Ihwal PPOK, survei penyakit tidak menular yang dilakukan kementerian yang sama pada 2004 menunjukkan bahwa penyakit ini menempati urutan pertama penyumbang kesakitan (35 persen), diikuti asma bronkial (33 persen), kanker paru-paru (30 persen), dan penyakit lain (2 persen). Menurut Badan Kesehatan Dunia (WHO), pada 2002, PPOK merupakan penyebab kematian ketiga terbesar bagi warga dunia setelah penyakit kardiovaskuler dan kanker. Risiko bagi perokok untuk tersambar PPOK atau kanker paru-paru adalah 20-25 persen.

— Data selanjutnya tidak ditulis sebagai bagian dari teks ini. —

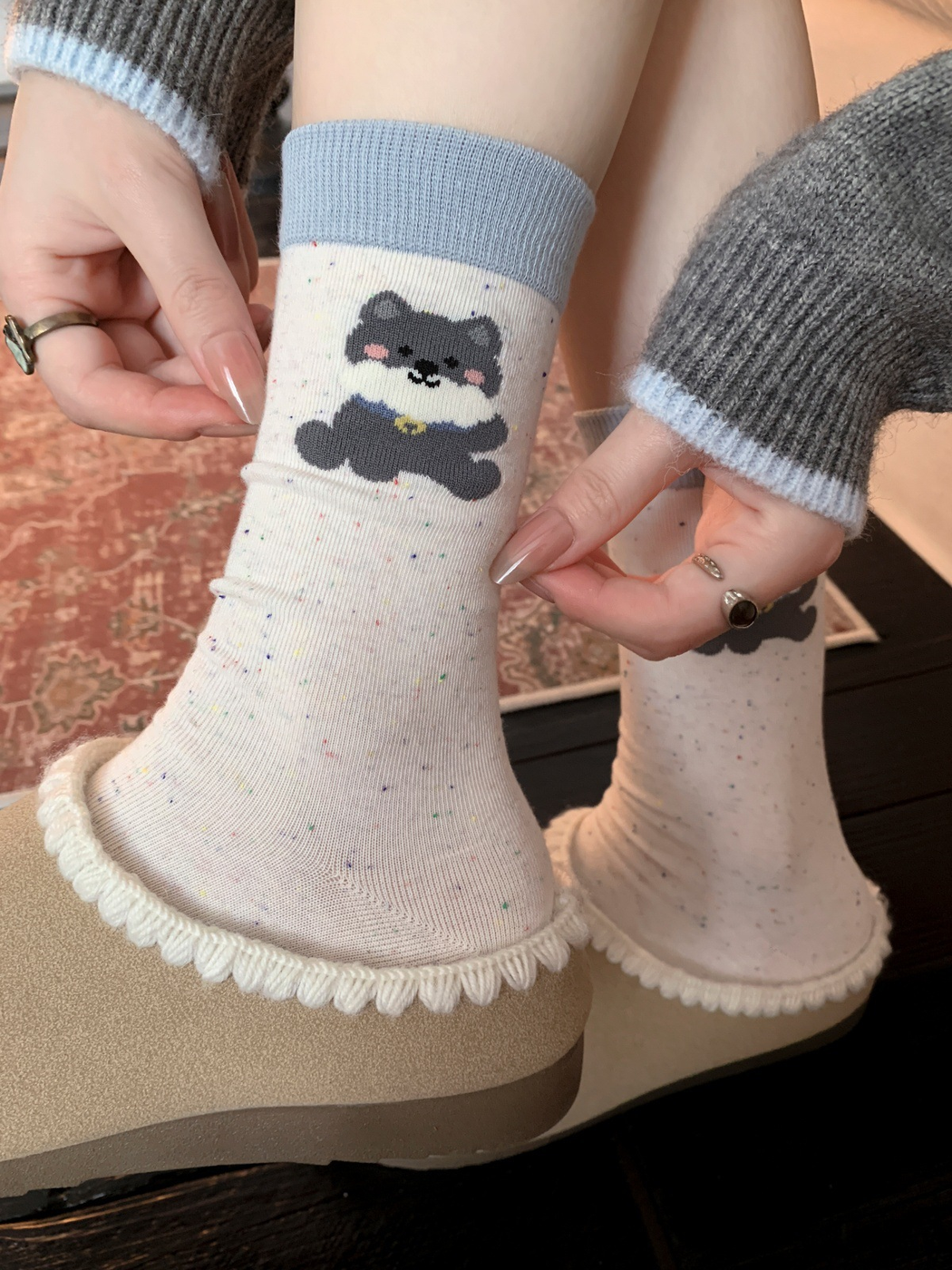 Ivory speckled bear motif crew socks worn with beige slippers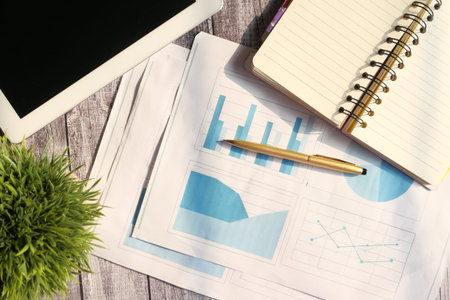 financial graph, calculator and notepad on table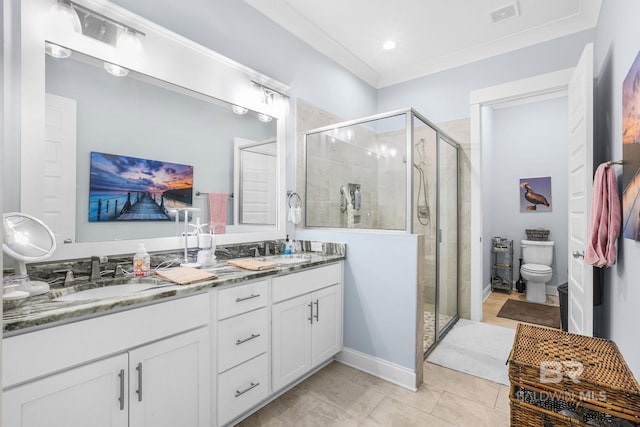 bathroom with tile patterned floors, vanity, toilet, and walk in shower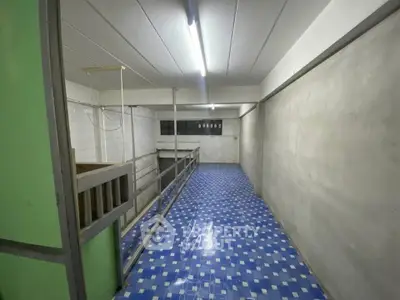 Spacious industrial-style room with blue tiled flooring and fluorescent lighting.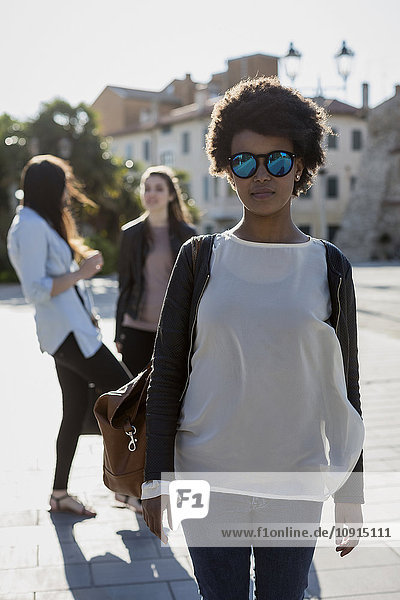 Young woman with sunglasses in the city with her friends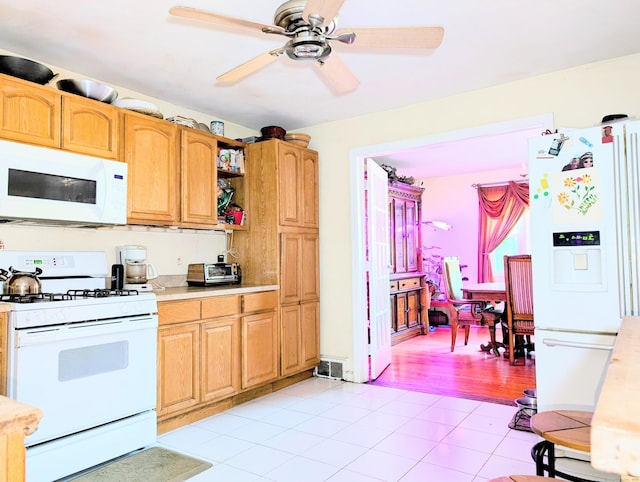 943 Success Ave, Stratford, CT 06614 - kitchen with white appliances, light tile patterned floors, light countertops, ceiling fan, and open shelves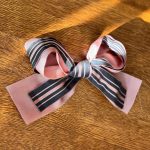 Sarah Jessica Parker Instagram - The bow that started it all. When I saw how madly in love everyone was with this bow (as was I), a last minute detail thrown together by me and @sergenormant just minutes before leaving for the annual @nycballet Fall Gala, I immediately set out on a mission: searching for and sourcing the finest grosgrain, taffeta and satin ribbons. In many cases the vintage I was hoping still existed and could unearth.  From hidden corners of New York City, to unique and interesting places far far away, I've found some really special and insanely beautiful ones. And with that, I introduce you to: the @sjpcollection Gala Bow. From Petite to Grand in length, I hand picked every single ribbon - some almost 100 years old! - and crafted a collection that I’m quite proud of. Our Gala Bows come with a sturdy 3-inch flat hair pin making it easy to affix however your heart desires. Most importantly, each bow was sewed with love. And you can be assured that I’ll be personally steaming, boxing up, and shipping out every single Gala Bow order that comes in. I can’t wait to see how you wear these. Link to shop is in my bio. X, SJ PS. For those concerned, that bow is simply rested on Lotus. Not tied!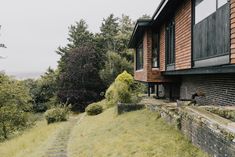 a house on the side of a hill with stairs leading up to it and trees in the background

Menurut Nurfitriani, dokter yang saban hari menangani pasien PPOK di gedung asma RS Persahabatan, banyak pasien penyakit ini yang datang pada derajat dua, yang ditandai oleh sesak napas dan hambatan beraktivitas. “Kadang-kadang saja kami menemukan pasien yang datang pada derajat satu, yang ditandai dengan gejala batuk-batuk,” katanya. “Pada derajat satu, pasien sering tidak sadar bahwa paru-parunya bermasalah.”

Agar kualitas hidup pasien PPOK tak kian memburuk, selain pelega napas dan obat yang memperlambat kerusakan fungsi paru-paru, mereka mendapat rehabilitasi medik. Ada latihan pernapasan, senam, berolahraga dengan sepeda statis, dan latihan lainnya. Rehabilitasi seperti itu pula yang dijalani Amir. Merasa tak enak hidup dengan fungsi paru-paru yang kian menurun, Amir pun mewanti-wanti agar ketiga anaknya yang laki-laki menjauhi rokok.

“Lihat akibat buruknya seperti yang Bapak alami,” kata Amir. Kini anak sulungnya berhenti merokok. Adapun yang dua masih menjadi pekerjaan rumah bagi kakek sembilan cucu ini untuk mengingatkan bahaya merokok.